Italy urges fast EU action on youth unemployment

Italy's new premier urged the European Union on Monday to act quickly to tackle the problem of high youth unemployment, calling for it top the agenda at a summit of EU leaders next month.

"I think youth unemployment really has to be at the centre of everything. It can't be that political leaders see as normal that one in two, or one in three, European youths don't work," Italian Prime Minister Enrico Letta said at a joint news conference with his Spanish counterpart Mariano Rajoy.

"This can't be, this is not normal, this is unsustainable, it is impossible. The fight against youth unemployment must be our obsession.

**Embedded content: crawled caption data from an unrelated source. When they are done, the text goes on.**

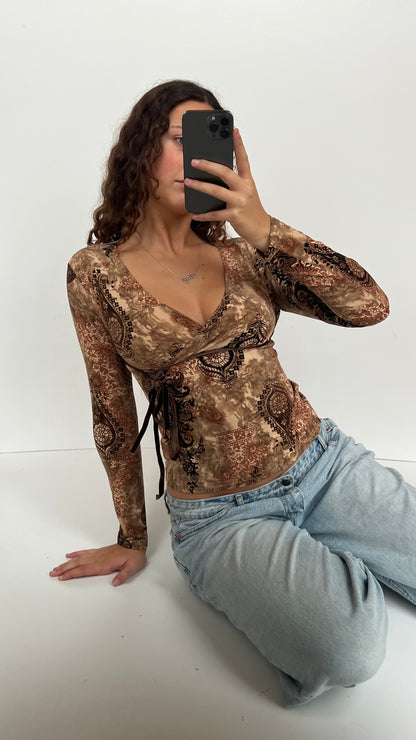 00s brown boho long sleeve- size S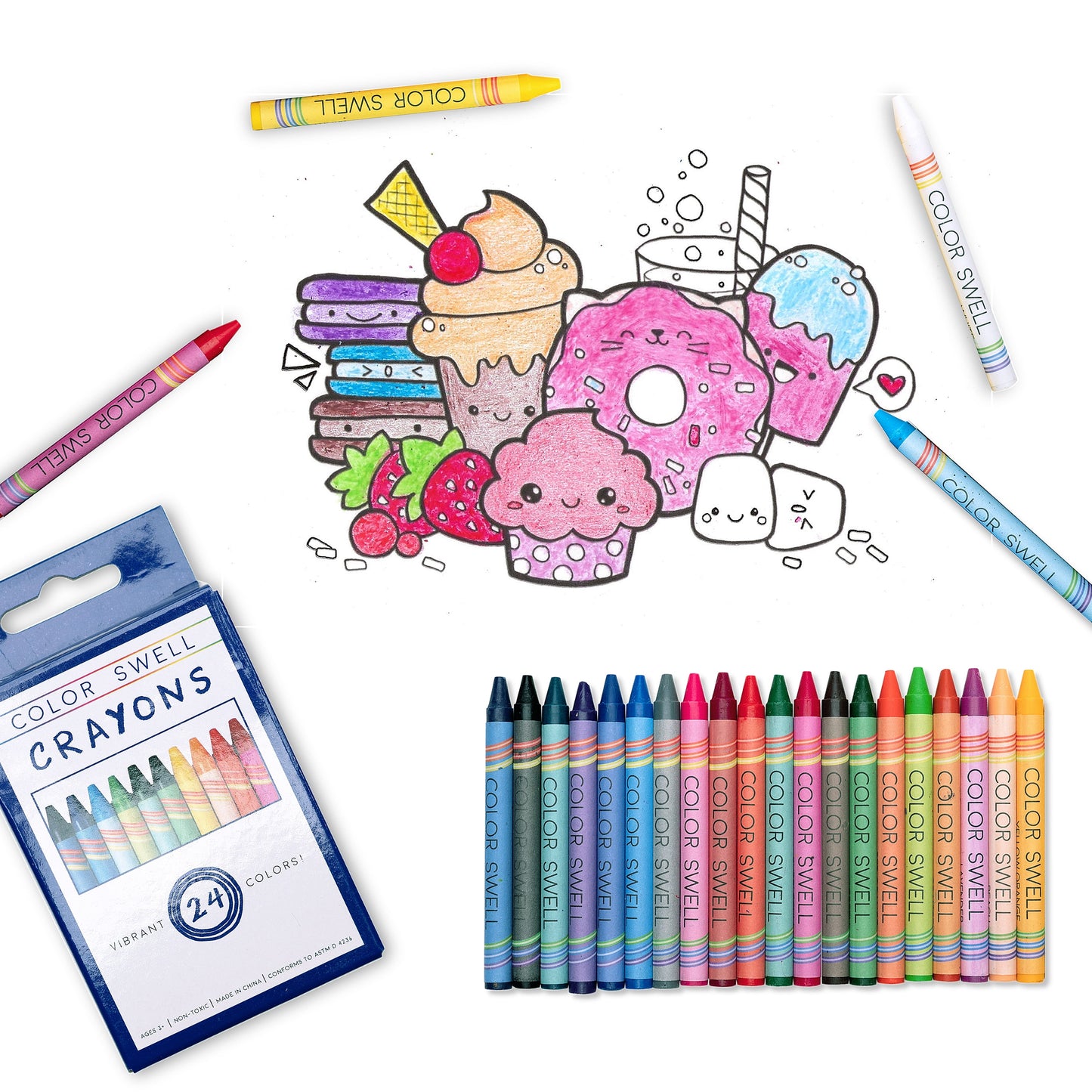 Color Swell Bulk Crayons - 40 Packs 24 Crayons per Pack (960 Crayons Total) - Bulk Crayons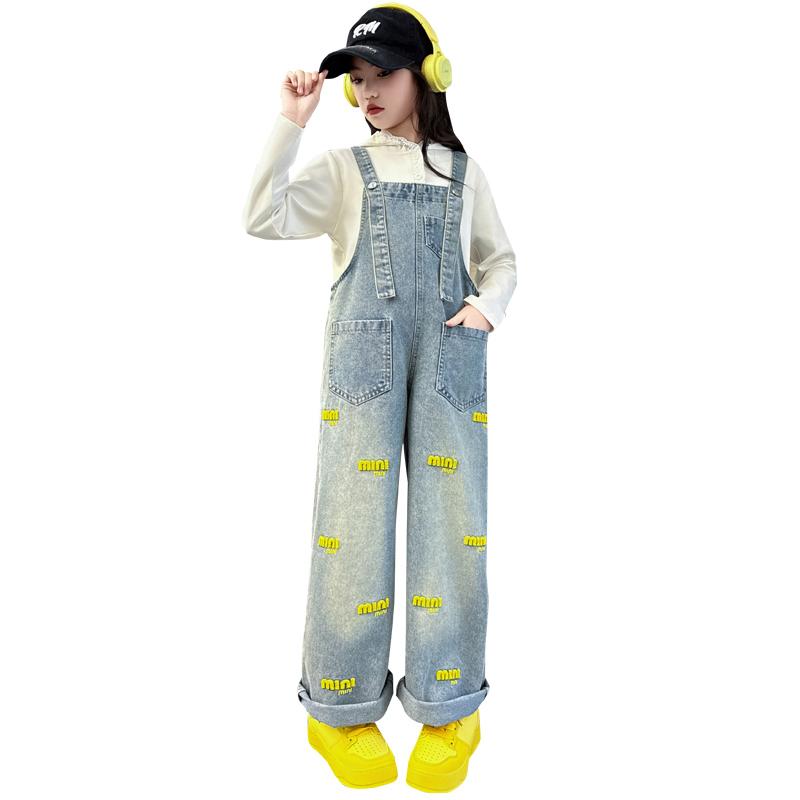 サロペット 女の子 キッズ 子供 かわいい 長ズボン カジュアル デニム 春 ワイド ゆったり ハート ロゴ..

Without work the youths of out continent don't have hope."

One out of four under-25s, or 23.5 percent, was unemployed in the 27-nation European Union in March, but almost two in three were in Greece and Spain, according to new figures released last week by Eurostat, the EU statistics agency.

In Greece the jobless figure for youths stood at a whopping 59.1 percent in January, the latest available figure, and in March hit 55.9 percent in Spain, 38.4 percent in Italy and 38.3 percent in Portugal.

Letta, who was sworn in as Italy's new prime minister last month after a two-month political impasse, said it would be "unforgivable" if the European Union's 27 leaders failed to come up with concrete measures to fight youth unemployment at the June 27-28 summit.

Both Letta and Rajoy urged the 17 countries that use the euro currency to move swiftly toward completing a full banking union to stabilise the bloc's financial sector and called on the EU to do more to spur economic growth.

The Italian premier said he believes solutions that will be good for countries in southern Europe whose economies are contracting will be good for the entire continent as a whole, including Germany.

As European Union's biggest economy, Germany fears a banking union might mean new costs to bail out ailing banks in other European nations. Berlin has pushed member states to focus on austerity to rein in ballooning public deficits.

"I am certain that Germany can understand that this effort is in favour of Europe and therefore in favour of Germany. If internal demand in all European nations disappears then no one on their own will be spared," said Letta.

"We are all in the same boat, the common European market, and it is in all of our interests for growth to be encouraged and unemployment to come down," he added.